* _What this task involves_: Please write out exactly the lines from the one with "73-75 Inman Street" through the end of the data below, both ends included, and omit any pictures.

* _Exercise data_:
'''

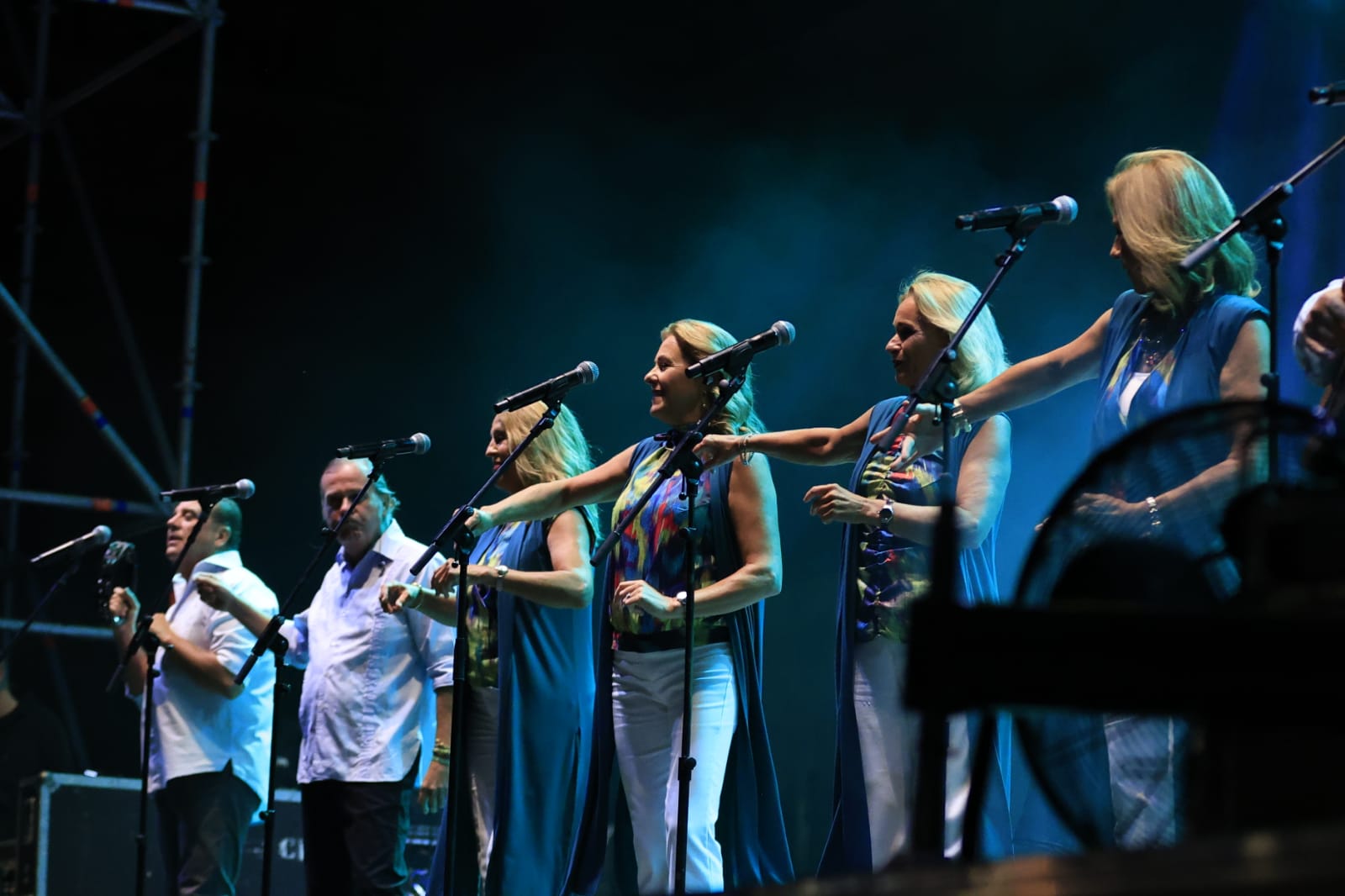 Fiesta flamenca en una Plaza Mayor a rebosar con Siempre Así
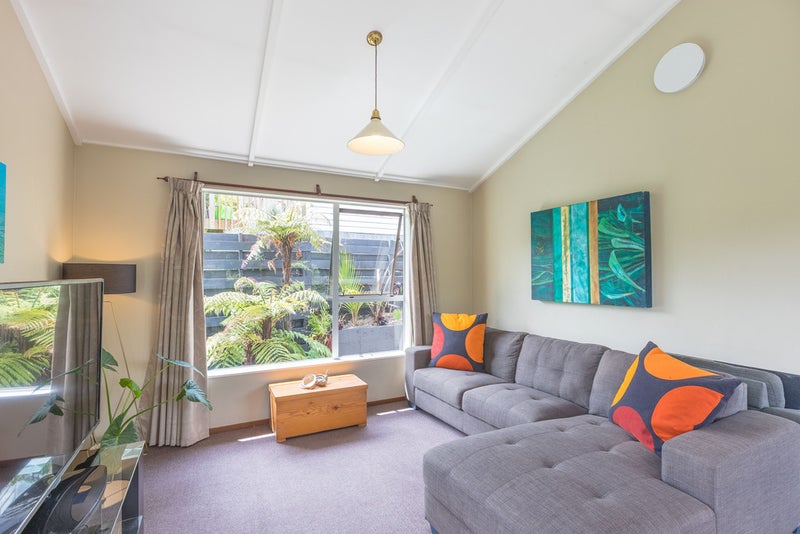 126B Taylor Terrace, Tawa, Wellington - Carousel 2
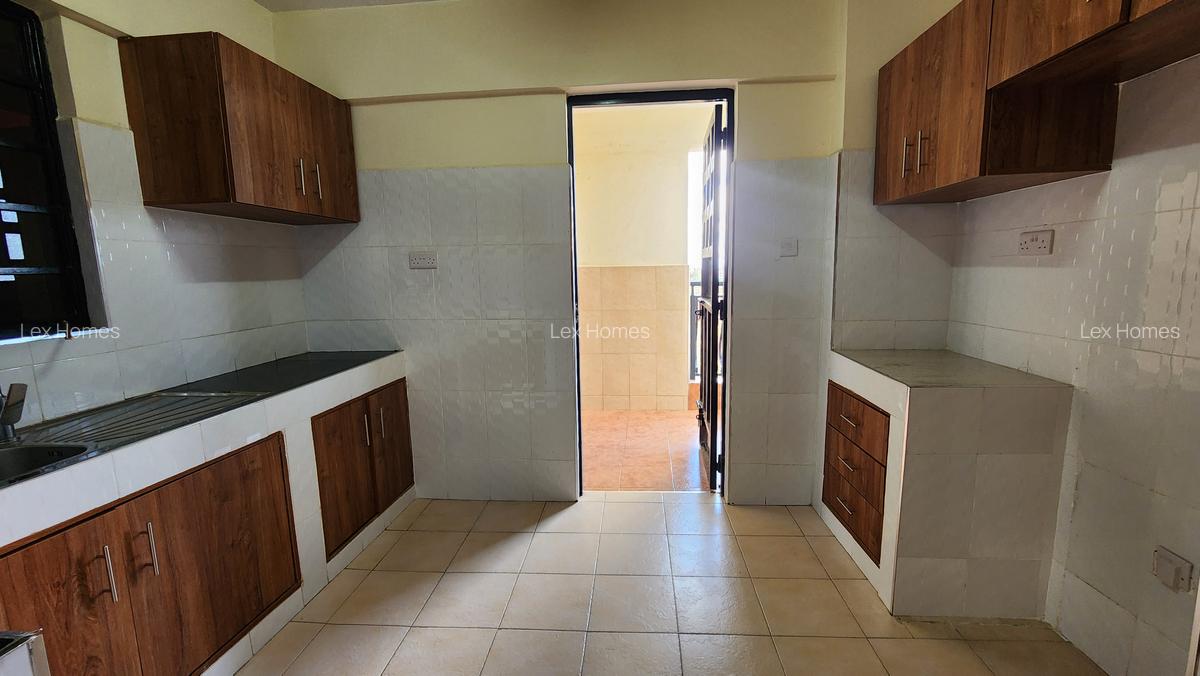 2 Bed Apartment with En Suite at Laiser - 4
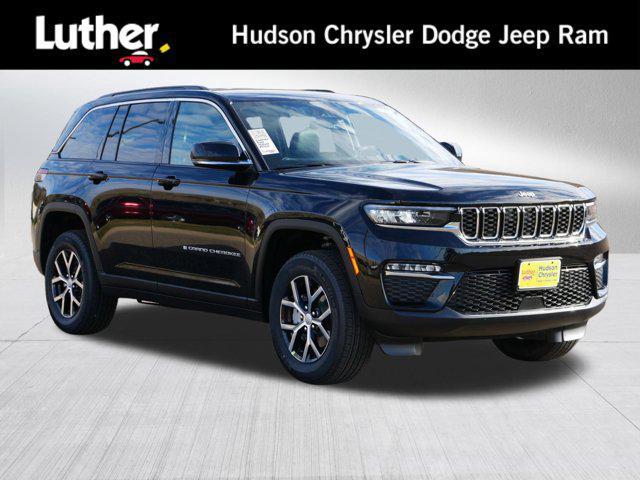 new 2025 Jeep Grand Cherokee car, priced at $43,749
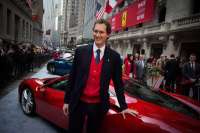 Из-за невыплаты налогов на сумму 1 миллиард евро глава компании Ferrari Джон Элканн займётся обязанностями дворника
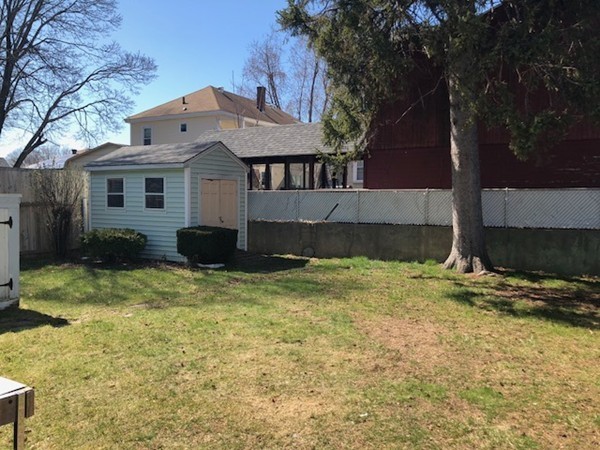 73-75 Inman Street Lawrence, MA 01843 - Photo 5 of 6 Gallery Image 5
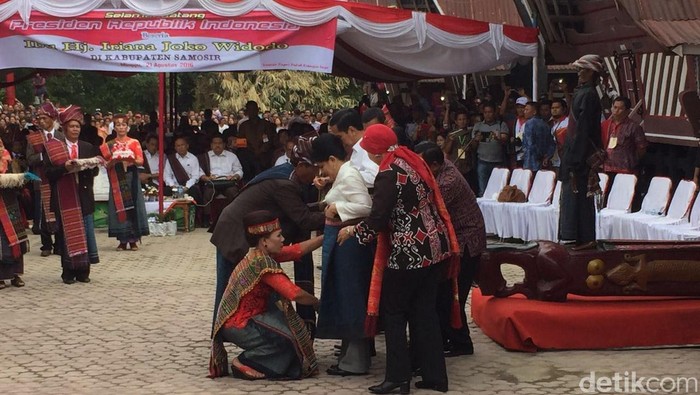 Beri Pakaian Adat Batak ke Jokowi, Bupati Samosir: Ini dari Masyarakat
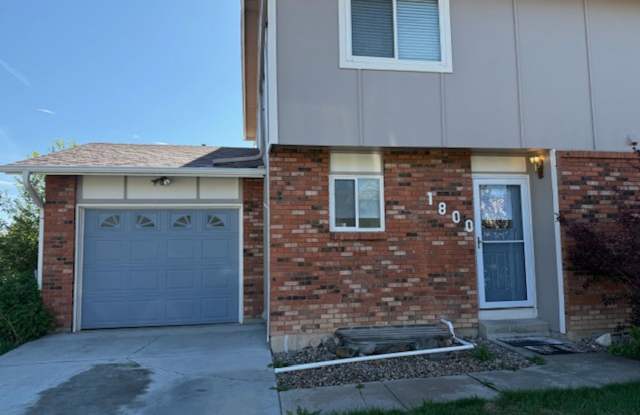 3 Bedroom Townhome in FC! photos photos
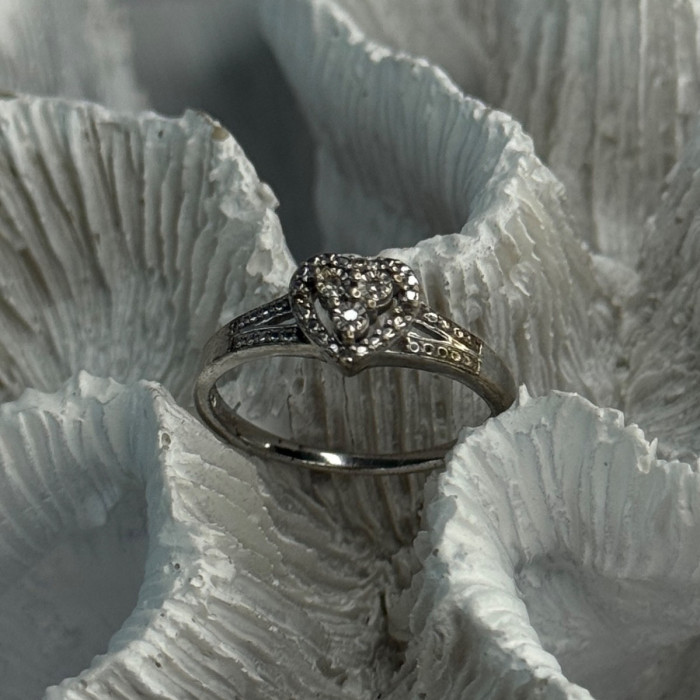 925 Sterling Silver Heart Diamonds Ring Size 7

'''

* _Response_:
 73-75 Inman Street Lawrence, MA 01843 - Photo 5 of 6 Gallery Image 5
 Beri Pakaian Adat Batak ke Jokowi, Bupati Samosir: Ini dari Masyarakat
 3 Bedroom Townhome in FC! photos photos
 925 Sterling Silver Heart Diamonds Ring Size 7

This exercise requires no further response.